The first draft of Alan McCluskey’s novel The Boy in the Book is complete. Read more, including an extract from the book.
Estimated reading time: 3 minutes

I’ve just finished the first draft of my latest novel, The Boy in the Book. My 18th novel, this one amounting to over 110,000 words in 52 chapters. As I reached the end, my writing accelerated, with me struggling to keep up as I was compelled to write over a chapter a day. When I finally looked up from the finished draft, as if emerging from a dream, I was startled and delighted to peer out at the world and see snow falling heavily in giant wind-borne flakes.
It is strange how my writing has evolved.
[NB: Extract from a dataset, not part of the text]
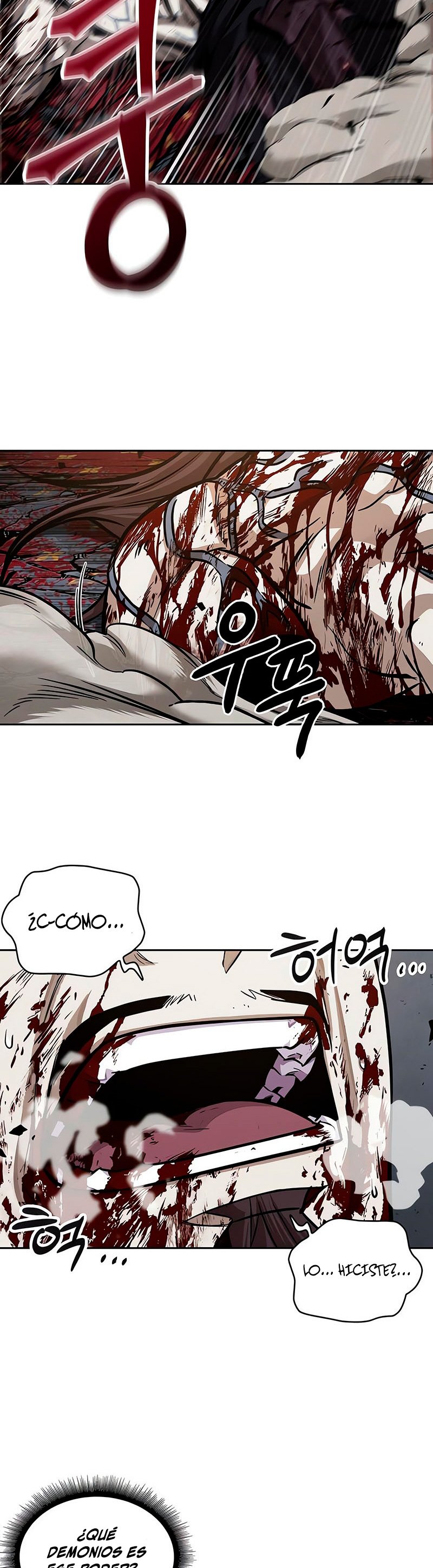 Read Nano Machine (es) Manga Online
The stories of my first novels seemed to flow unabated as I wrote them. I couldn’t have stopped them, even if I’d wanted to. Now the stories are more hesitant, moving forward in fits and starts as I double back weaving in new threads or elaborating those left undeveloped. Or I listen out for the words and phrases that put themselves forward as better options. Words and language have become cherished friends.
Here’s a short, more philosophical extract from The Boy in the Book in which young Bea, our teenage heroine in a momentary pause in the action, talks to a university professor about the distinction between fact and fiction.
Extract: The Boy in the Book
Bea was still grappling with Priscilla’s ideas when Manuela called them, saying tea was ready. “Surely the distinction between fact and fiction is capital?” Bea finally said. “Don’t we battle against the trumped up rubbish that politicians dish up every day? Don’t we seek to know if the story a neighbour tells about the escapades of the woman across the street is true? Don’t we trust science because the results of its experiments have been rigorously verified?”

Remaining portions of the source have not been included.